Closed Wolfhound905 closed 1 year ago

Wolfhound905 commented 1 year ago

Is your feature request related to a problem? Please describe. I am confused by the login. I log in with my AD credentials, and then I'm in. There is no way to log out, there are no cookies that contain the login or anything. This leads me to belive that the system is IP based, since mac addresses can be spoofed.

Describe the solution you'd like There needs to be a clear way to log out of the service and end your session.

Wolfhound905 commented 1 year ago

Ok, so I just read this issue https://github.com/lithnet/access-manager/issues/67

Are you serious? Wontfix? This seems like such a bad authentication system. What kind of weird system are you guys using?! The browser should not be able to just make its own session. When the cookies are cleared, that client needs to authenticate. You may have to rewrite the login shit because this honestly is making me wonder if this should stay in our environment.

ryannewington commented 1 year ago

Hi @Wolfhound905,

Integrated windows authentication is indeed not great (it's a 90s auth protocol), and its why there are limitations on it use, and we don't recommend it for production use.

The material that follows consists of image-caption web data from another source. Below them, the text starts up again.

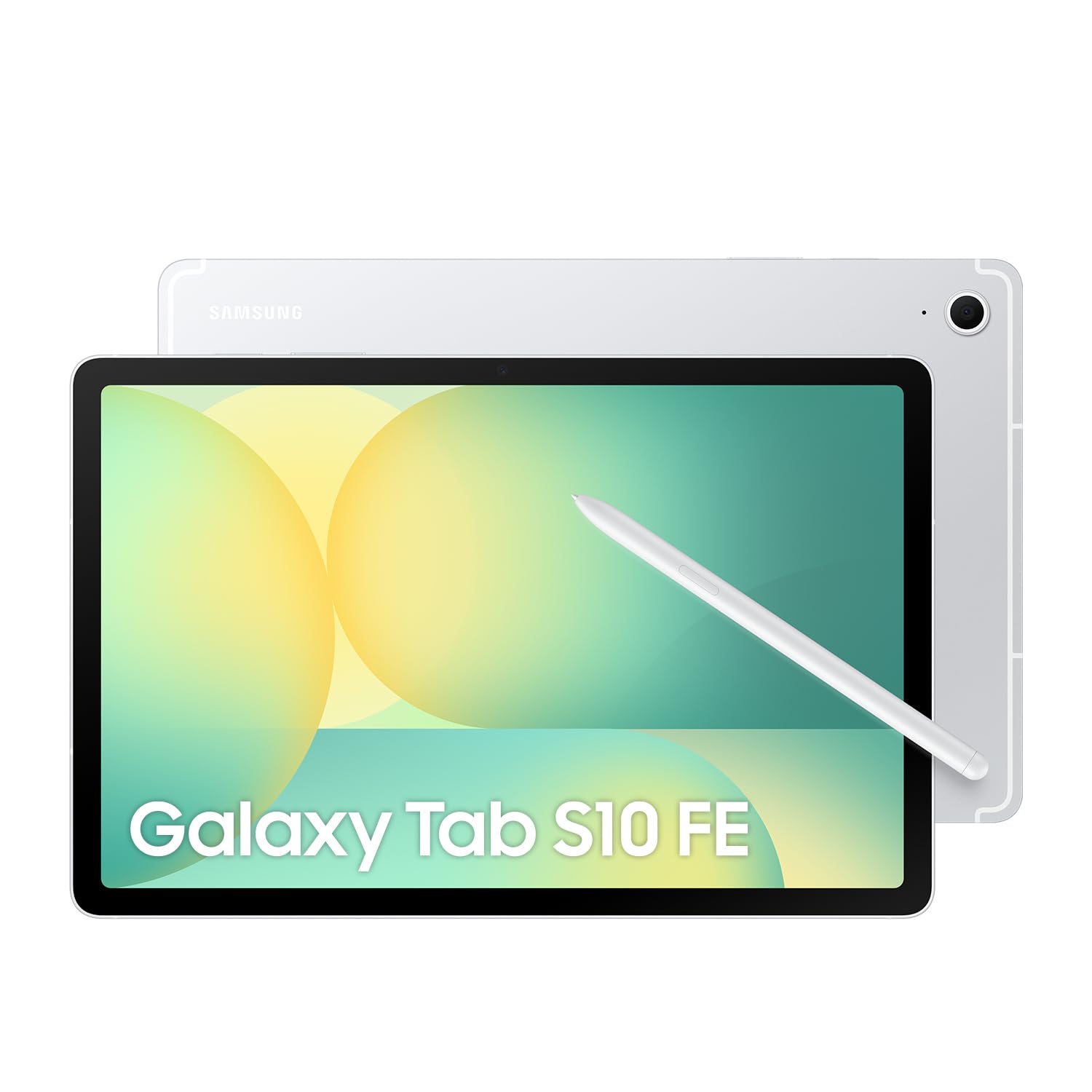 Samsung Galaxy Tab S10 FE, Wi-Fi Android Tablet, 12GB RAM, 256GB Depolama, 10.9 İnç, 90Hz Ekran, Dahili SIM ve eSIM, S Pen Dahil, IP68, 8000mAh Batarya, Gümüş (Samsung Türkiye Garantili)
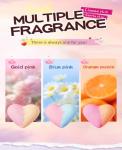 Heart-Shaped Bath Bombs and Perfume Gift Set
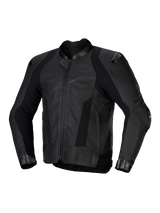 Alpinestars Missile V3 Leather Jacket, Men's Racing and Sport Motorcycle Jacket, Black, CE Certified premium bovine leather with Tech-Air Ready design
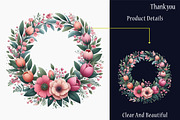 Mothers Day Wreath Sublimation Clipa, a Graphic by designcity5 (Thumbnail 4 of 5)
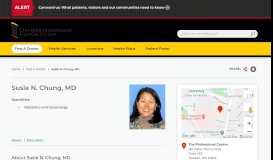 
							         Dr. Susie N. Chung, MD - Maryland | University of Maryland Medical ...								  
							    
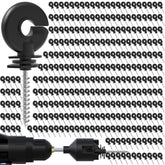 NQN electric fence screw-in ring insulator 300-pack ready for secure wire mounting.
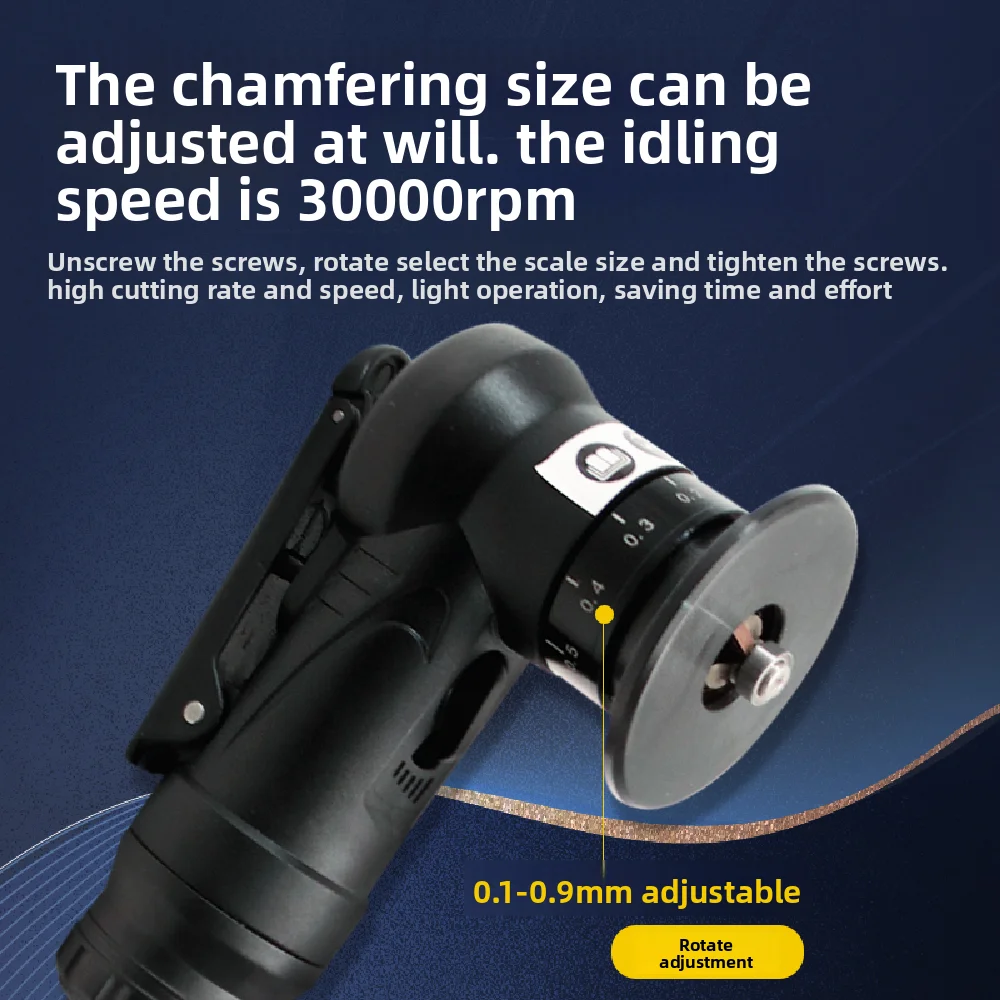 Professional Mini Pneumatic Air Chamfering Machine Wholesale Pneumatic Chamfer For Metal Steel Aluminum PVC Wood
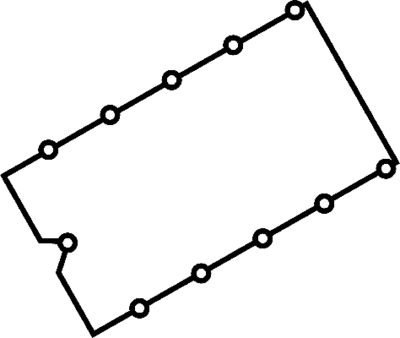 Gasket, cylinder head cover CORTECO 440069P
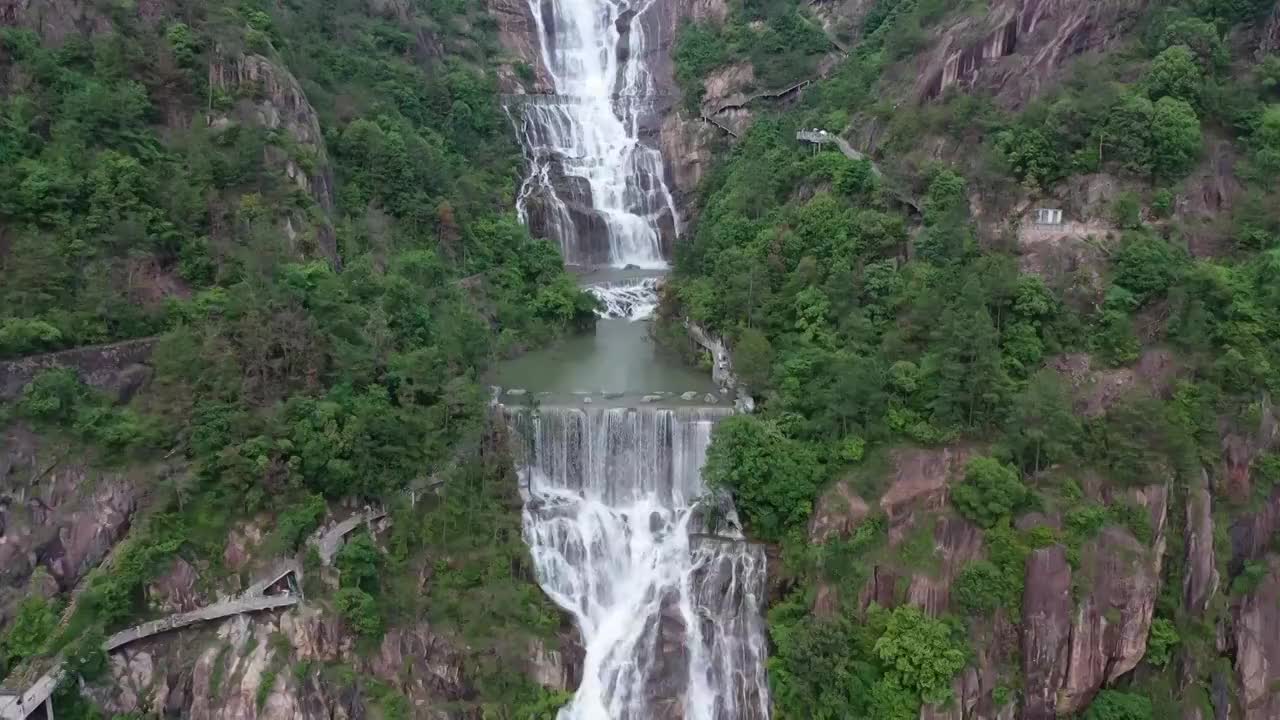 浙江天台山瀑布视频素材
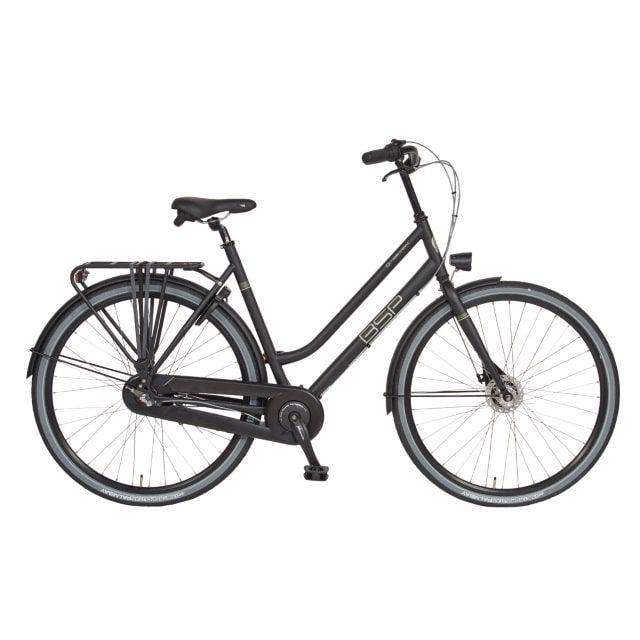 BSP O Seven Dames 3 Versnellingen 28 inch Mat Black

IWA isn't implemented by our app, it's negotiated between the browser, and the server's windows HTTP.sys stack. In order to use IWA, our app needs to tell HTTP.sys that it should challenge browsers for IWA.

When a client makes a connection to the HTTP server, HTTP.sys will tell the browser it needs to auth, and that the server accepts windows auth. The browser will then negotiate windows auth with the server. Once that negotiation is successful, windows passes the resulting windows access token to the app. There's no cookies or sessions involved from the app perspective.

The browser will continue to send the negotiated authentication header. There is nothing the server or app can do to tell the browser not to send it. Even if there was a session cookie or something to clear on the server side, the next request the browser made, would contain the IWA logon information, and a 'new' session would be created automatically.

It doesn't use IP or mac address, it's using the Kerberos or NTLM credentials the user signed into windows with.

This isn't an Access Manager specific issue

You'll see the same behavior in other places where IWA is used

As a side note, IWA is no longer supported with HTTP/2+ https://learn.microsoft.com/en-us/iis/get-started/whats-new-in-iis-10/http2-on-iis#when-is-http2-not-supported

I'm happy to provide any additional information you'd like, or answer any further questions, but I'd request we keep the tone respectful.

Wolfhound905 commented 1 year ago

Sorry, I don't know why I was so rude in my comment. Thank you for more clarification.

I can see now if I reset the browser it prompts me to re-log in. It is just very interesting how the login works, and I thought it was insecure at first.

ryannewington commented 1 year ago

No problems mate.

Yep, by modern standards, it's not very intuitive, and doesn't work the way we expect modern auth to work. We had a long debate as to if we even support it in the product. We decided to include it because it is useful for rapid prototyping/proof of concepts, and there are some legitimate use cases where customers want to publish it behind things like AzureAD reverse proxy, which can handle the kerberos stuff safely.

Feel free to reach out if there is anything else we can help with.